Jabłka obieramy, usuwamy gniazda nasienne, ścieramy na tarce jarzynowej z grubymi oczkami (najlepiej robotem z odpowiednia tarką). Przekładamy do garnka, z cytryny wyciskamy sok i dodajemy do jabłek. Do jabłek dodajemy też 1 szklankę cukru i 1/2 szklanki wody. Całość zagotowujemy i gotujemy 10 minut. Dodajemy jeszcze tyle cukru, żeby jabłka były wystarczająco słodkie (trzeba spróbować), rodzynki i cynamon (ilość według gustu) i gotujemy jeszcze 5 minut. Przekładamy gotowe jabłka do słoików, zakręcamy i pasteryzujemy 30 minut. Możemy wykorzystać dowolne jabłka, nawet papierówki. Ilość użytego cukru zależy od tego, jak kwaśne są jabłka. Takie jabłka można wykorzystywać do ciast, naleśników a także jako samodzielny deser.

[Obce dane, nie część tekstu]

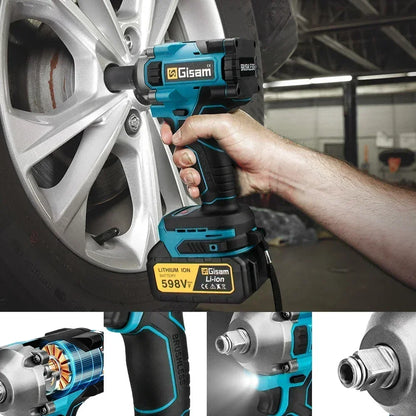 Llave de Impacto Inalámbrica Brushless 1000Nm 18V 1/2" Compatible con Baterías Makita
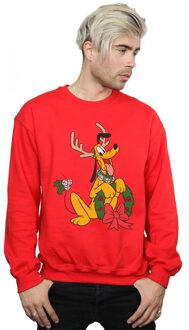Disney Heren Pluto Kerstmis Rendier Sweatshirt (Rood) - 5XL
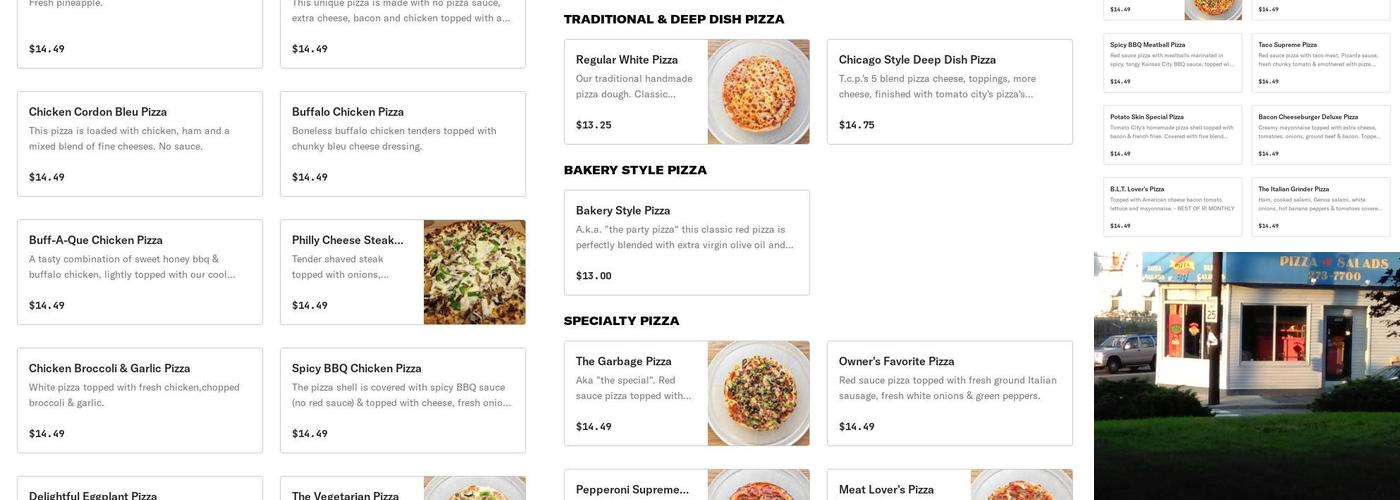 Tomato City Pizza Menu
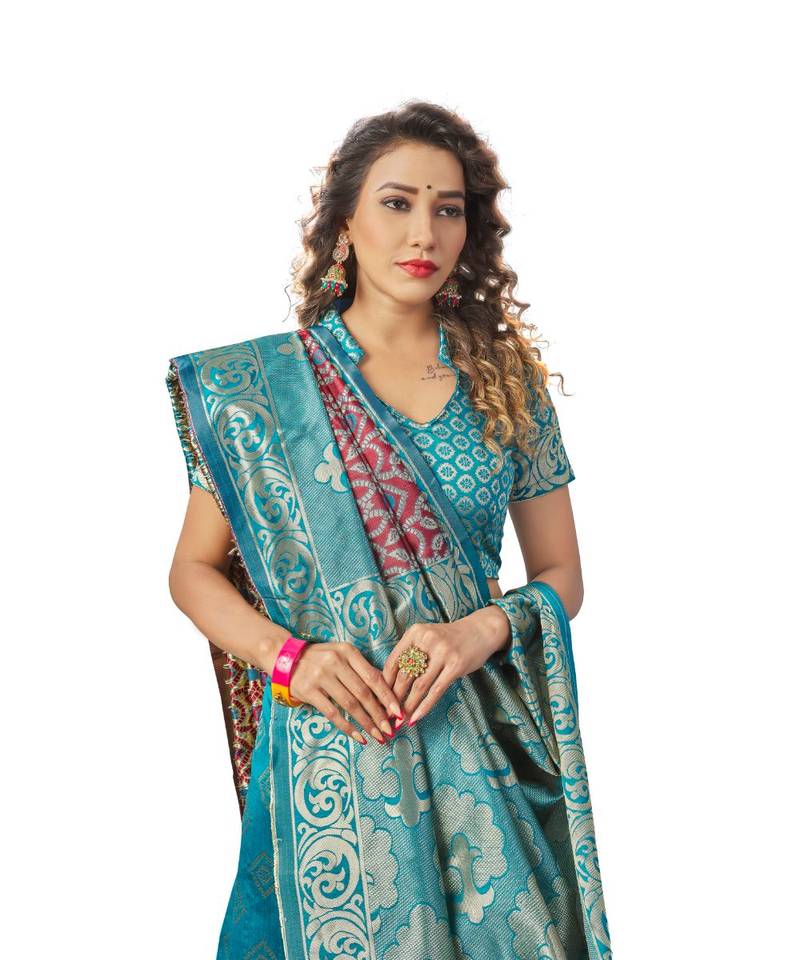 maroon woven jacquard saree with blouse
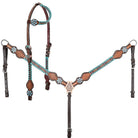 Showman Bridles Cob/Full Showman Headstall & Breastcollar Set Turquoise Trailblazer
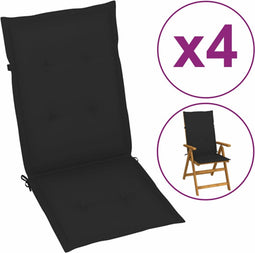 vidaXL - Tuinstoelkussens - 4 - st - hoge - rug120x50x3 - cm - stof - zwart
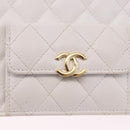 CHANEL Matelasse Chain Shoulder Bag Caviar Skin White Gold Tone CC Auth 195323A-15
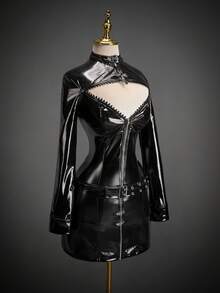 SHEIN ICON Đầm ôm sát cơ thể mini COS Halloween gợi cảm dành cho nữ - màu đen - Xem 1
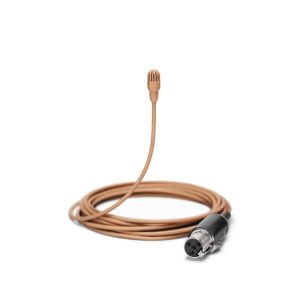 Beige lavalier microphone with long cable and round 5-pin DIN connector.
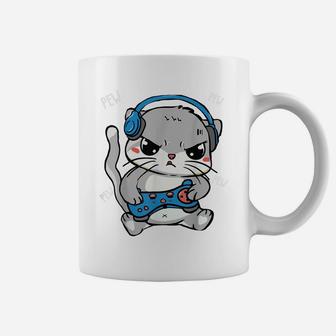 Pew Pew Gamer Cat Video Gamer And Cat Lover Coffee Mug | Crazezy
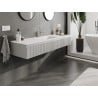 Mexen Rivel meuble de salle de bain 160 cm avec lavabo Otis, 1 tiroir, rainuré, gris mat/blanc mat - 91A20-16023-1-BF62-W18M01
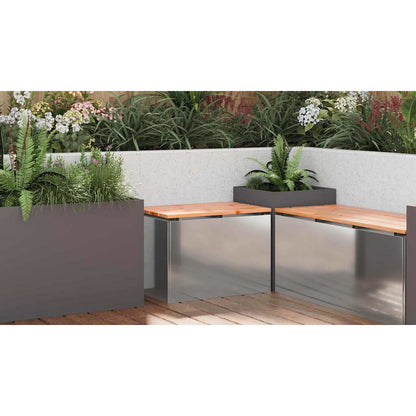 Garden Bench Silver 60 x 40 x 43 cm Galvanised steel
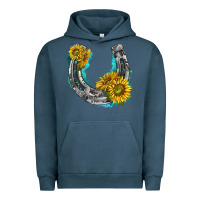 Pigment Midnight Navy horseshoe cowhide and sunflowers Urban Hoodie - texasbilliewilder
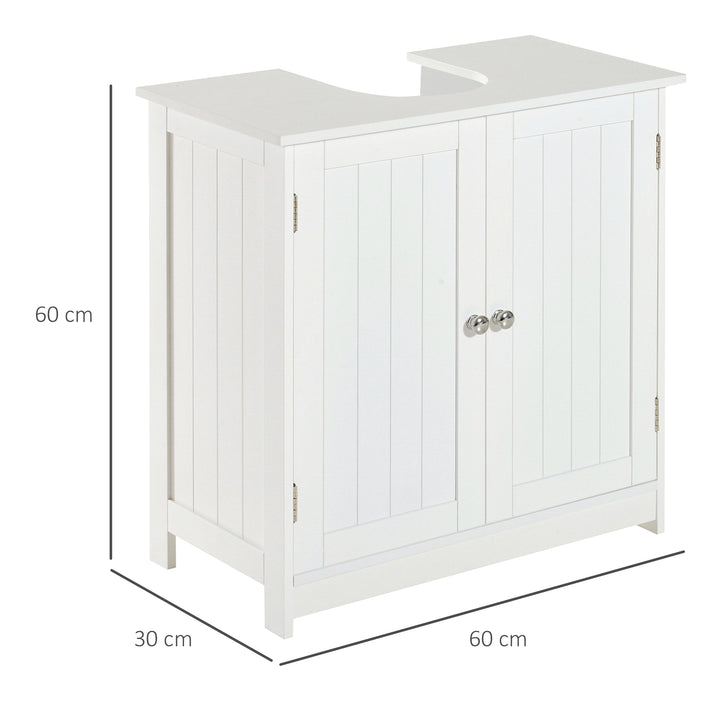 Under Sink Bathroom Storage Cabinet 2 Layers Vanity Unit Wooden - White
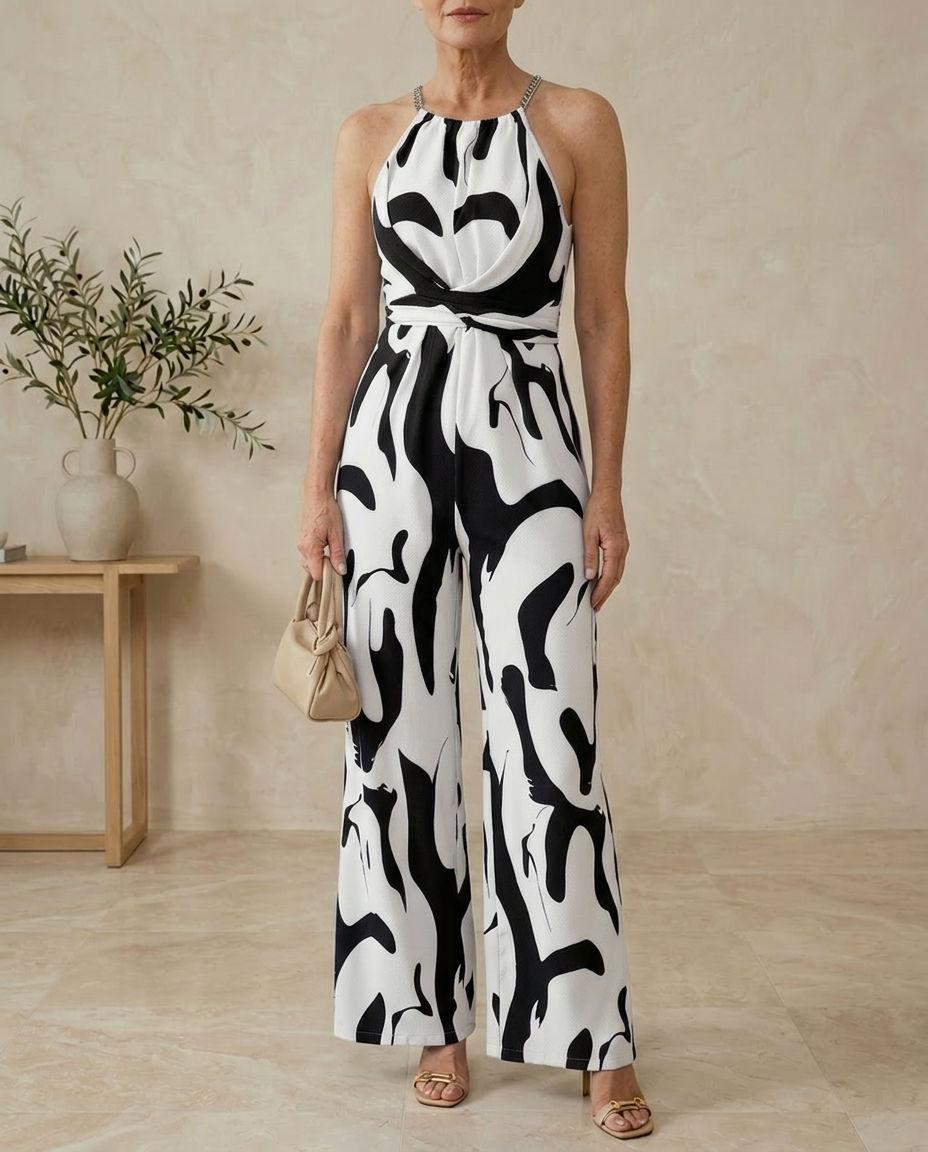 Halter Neck Maxi Dress with Backless Abstract Print
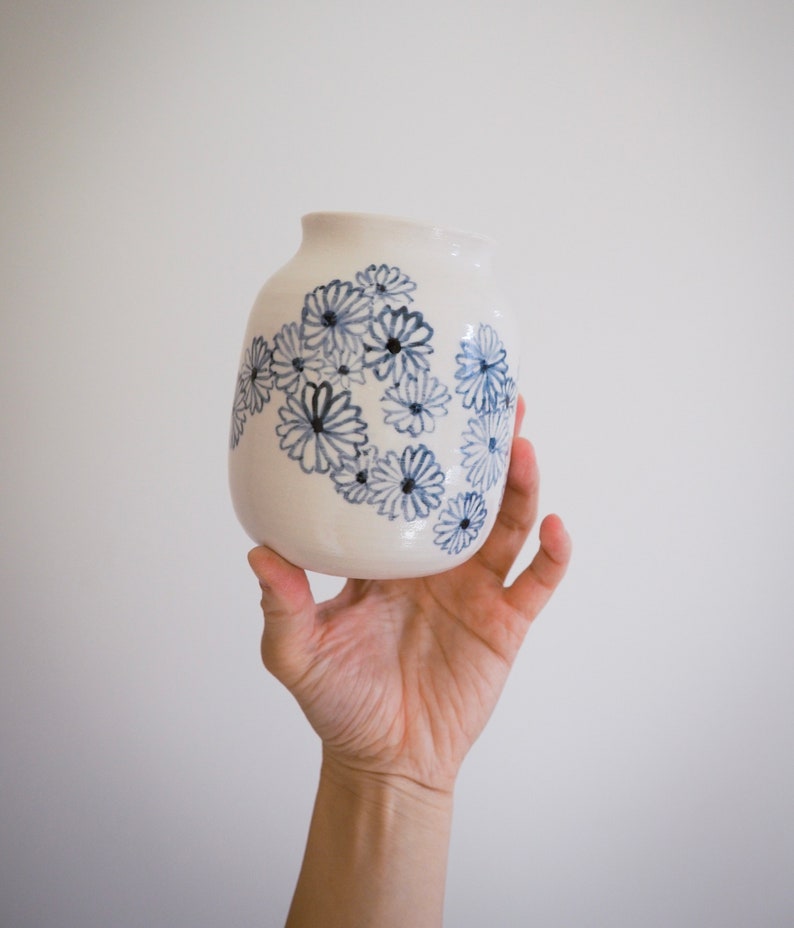 Bamboo Brush Blossom Vase // handmade ceramic pottery image 1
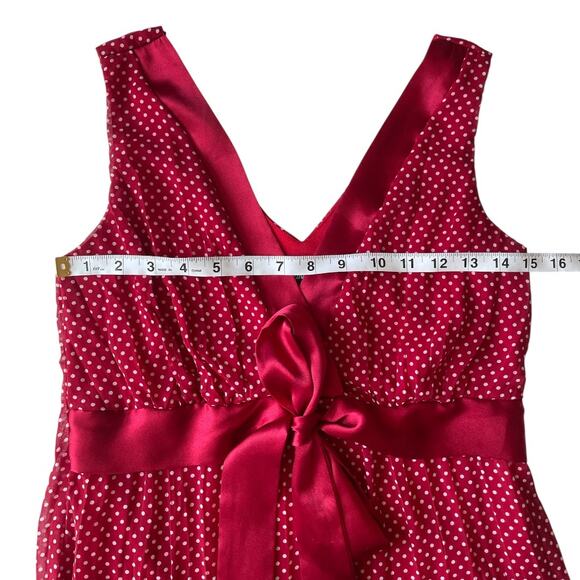 Vanity Y2K Polka Dot Babydoll Top Sleeveless Red Satin Trim Feminine Flirty - Picture 6 of 8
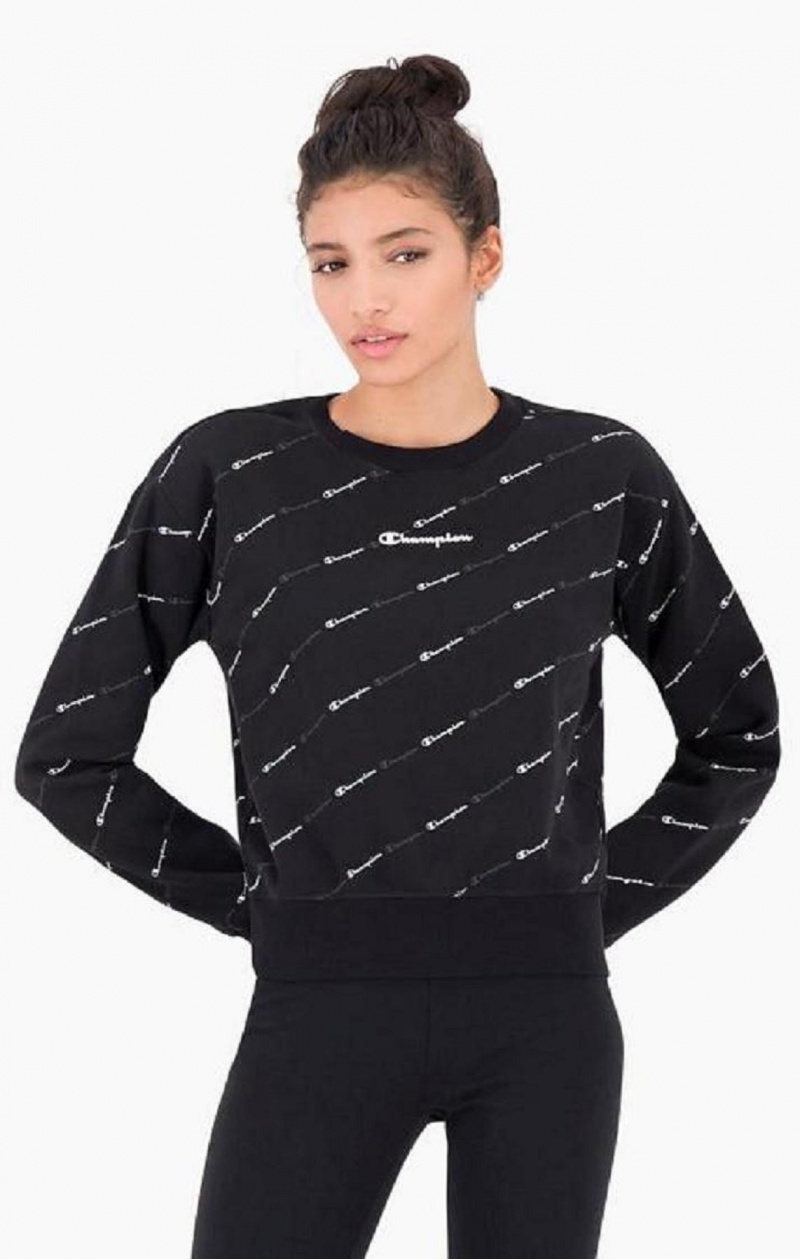 Dámské Mikiny Champion All-over Script Logo Sweatshirt Černé | 9432-GPRWQ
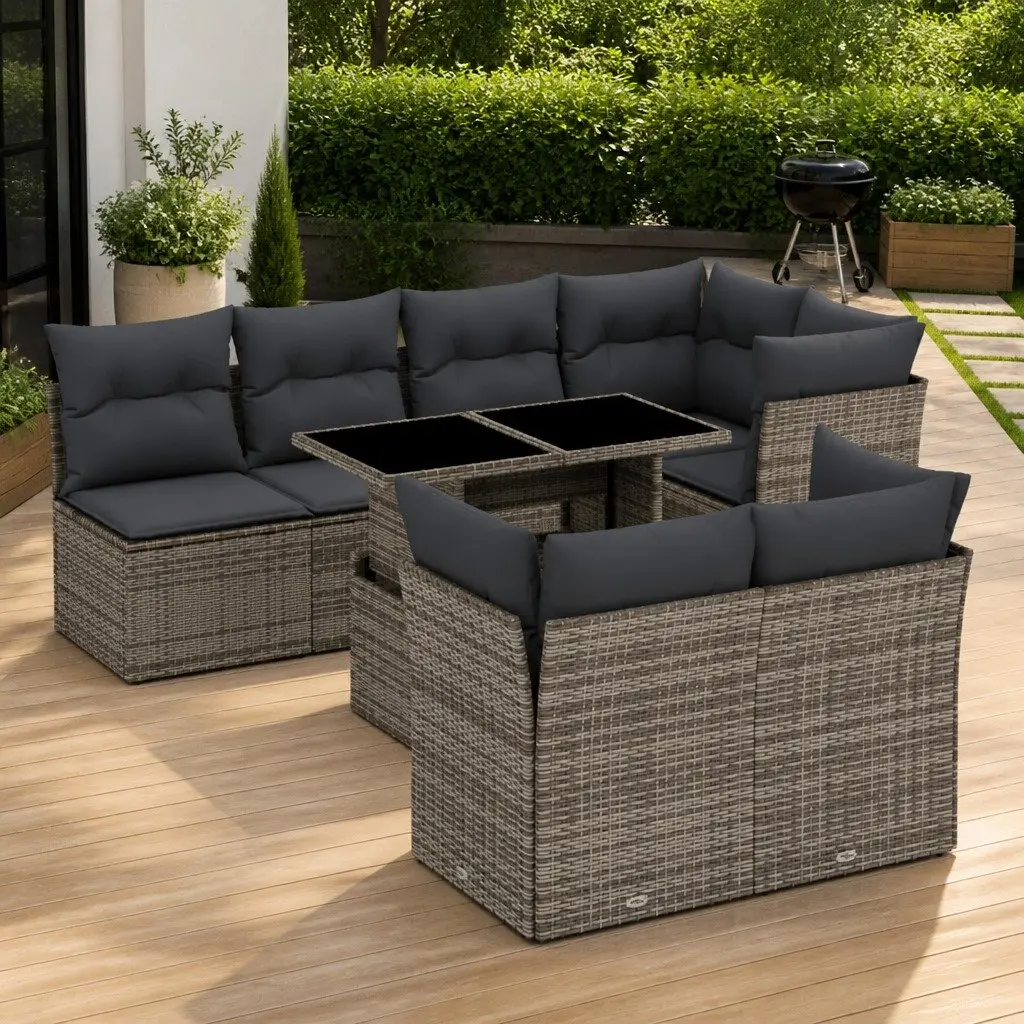 Garden Sofa Set Modular Adjustable Grey 8 Piece Outdoor Furniture with Cushions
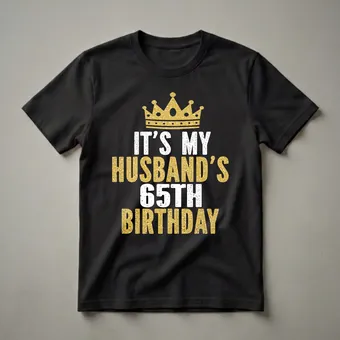 Husband's 65th Birthday King Crown Graphic T-Shirt for Him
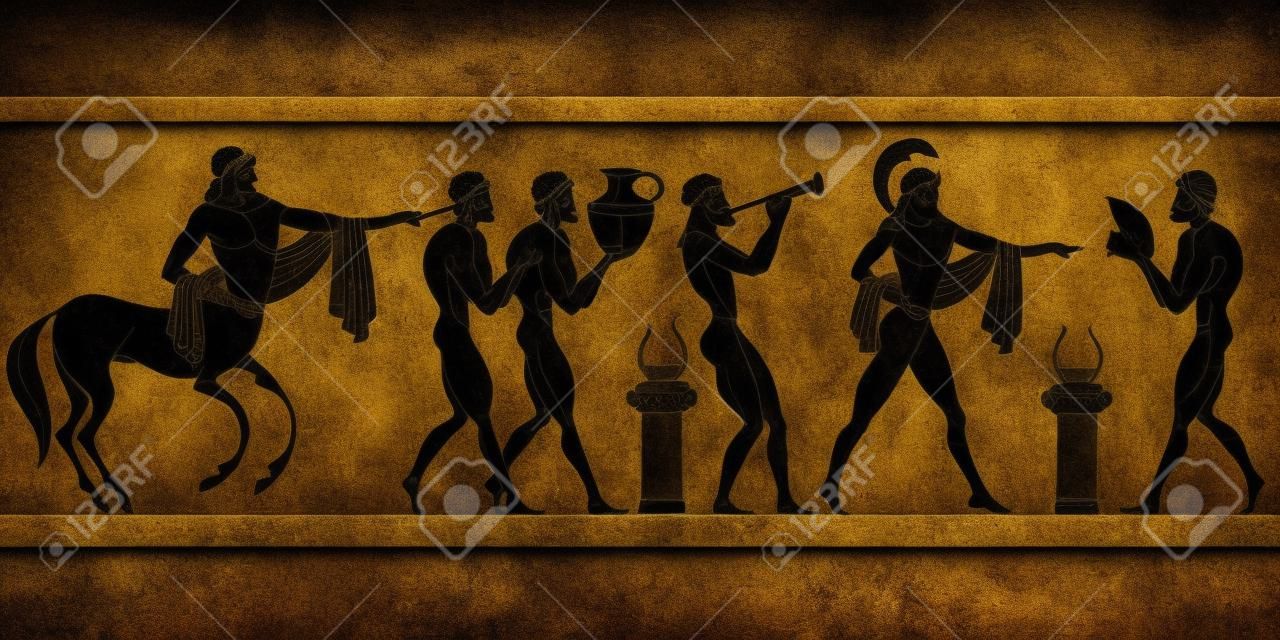 Ancient Greece scene. Black figure pottery. Ancient Greek mythology. Centaur, people, gods of an Olympus. Classical Ancient Greek style
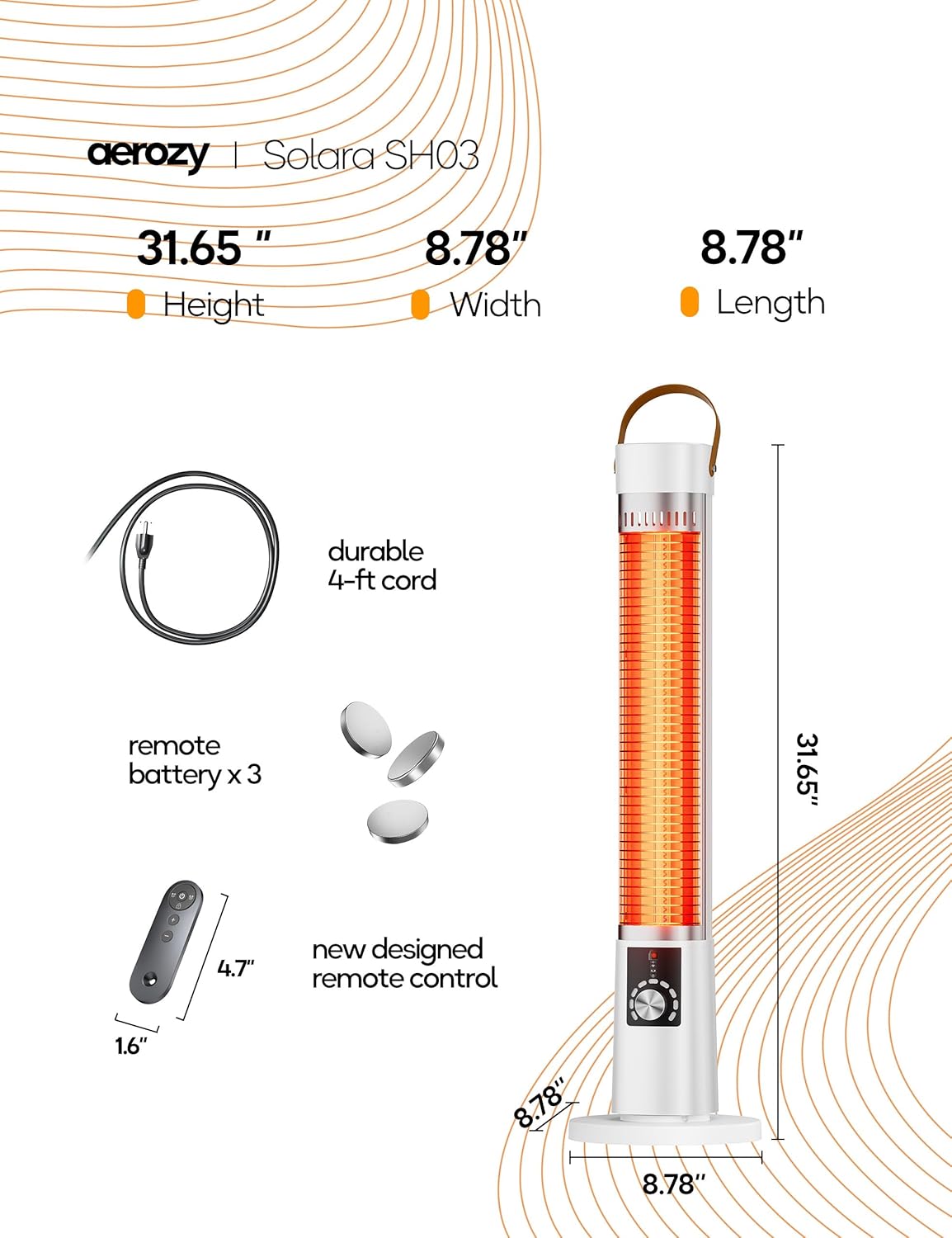 Patio Heater, 9 Heat Setting, 60-Degree Oscillation, 9-Hour Timer, Portable A - 8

Mam pytanie, czy dużo soku jest w tych jabłkach tzn. czy trzeba je odcisnąć zanim wyłoży się na placek?
Ilość soku zależy od odmiany jabłek, z której zrobimy przetwory. Jeśli potrzeba to można je odcisnąć choć ja z tym radze sobie w ten sposób że dosypuję troche tartej bułki i dokladnie mieszam. Nie wpływa ona na smak jabłek a doskonale wchłania nadmiar soku.